Нет, Тверитинов — не заслуженный артист, заслуженный артист не занял бы внимания Солженицына. Можно себе представить, что думал Солженицын в лагере об этих людях. Можно догадаться, что, в отличие от Зотова, который, вероятно, был комсомольцем и мечтал о мировой революции, Тверитинов — человек, который так и не избавился от подозрительного отношения к революции. Его неприязнь распространяется даже на Горького. Несмотря на это и несмотря на свои сорок девять лет, он, когда разразилась война, отодвинул все колебания и пошел на фронт добровольцем. Воевал он недолго, ему удалось бежать из окружения — и вот он стоит перед Васей Зотовым в одежде, вызывающей смех и жалость. Пытаясь выменять на еду что-то из своих лохмотьев, он отошел от эшелона, который тем временем тронулся «без гудков, без звонков, без радио — так тихо». К Зотову он пришел, чтобы тот посадил его на какой-нибудь поезд, чувствуя, что сам не справится. Мягкость, беспомощность Тверитинова, его зависимость от окружающих показаны тепло и мастерски. Вася Зотов восхищен гостем, его воспитанием, манерами, светскостью, «артистичностью». Он угощает актера табаком, жалеет, что не может предложить ему кусок хлеба, открывает перед ним сердце — давно он не разговаривал столько, сколько сегодня. Уже и место для Тверитинова готово в эшелоне, как вдруг Зотова поражает, что актер не знает названия Сталинград — для него это все еще Царицын. И тут же на место восхищения вкрадывается подозрительность: шпион.

«— Вы — задерживаете меня?! — вскрикнул он. — Товарищ лейтенант, но за что?! Но дайте же мне догнать мой эшелон!

И тем же движением, каким он уже раз благодарил, он приложил к груди пять пальцев, развернутых веером. Он сделал два быстрых шага вслед лейтенанту, но сообразительный часовой выбросил винтовку штыком впереклон.

— Что вы делаете! Что вы делаете! — кричал Тверитинов голосом гулким, как колокол. — Ведь этого не исправишь!!

— Не беспокойтесь, не беспокойтесь, — сильно окая, уговаривал Зотов, ногой нащупывая порог сеней. — Надо будет только выяснить один вопросик...»

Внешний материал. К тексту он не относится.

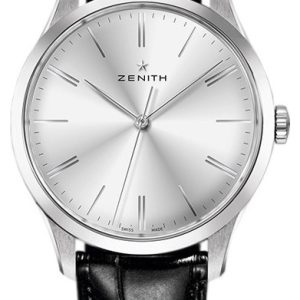 Zenith Herrklocka 03.2270.6150-01.C493 Captain Silverfärgad/Läder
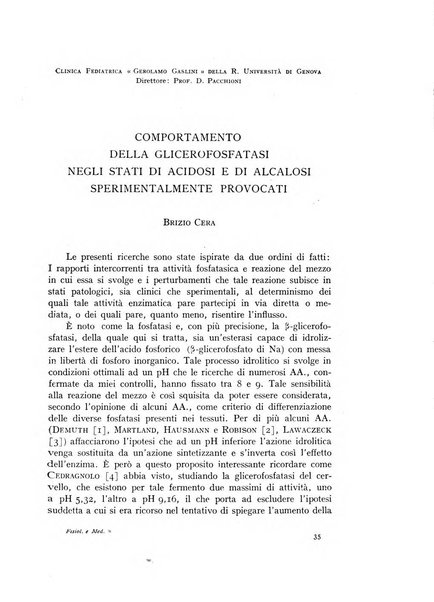 Fisiologia e medicina rassegna mensile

На войне погибают миллионы. Погибают безвинно. Поэтому какой-то процент должен погибнуть, так сказать, еще более безвинно, еще более абсурдно, несправедливо. Нравственно нечистоплотный человек, возможно, не сделал бы того, что Вася Зотов, но люди чистые и наивные бывают особенно опасны. Впрочем, дело даже не в Васе Зотове, а в ситуации: на каждом шагу плакаты, предостерегающие перед шпионами. К тому же сам Зотов никогда не был уверенности, что не совершил ли он ошибки. Той уверенности, которой проникаемся мы, услышав крик Тверитинова. Мне кажется, что своим огромным резонансом рассказ обязан двум фразам, выделенным самим автором: циничной «Надо будет только выяснить один вопросик...» и душераздирающей «Ведь этого не исправишь!!» Велика сила подобных фраз, человечество порой ждет их десятилетиями. И лишь будучи написанными, произнесенными вслух, они позволяют людям передохнуть. Они отделяют правду от лжи, свет от тени, подлость от благородства. Они отдают последнюю справедливость безвинно погибшим. Благодаря подобным фразам человечество очищается. И они служат доказательством, что без очищения человечество жить не может.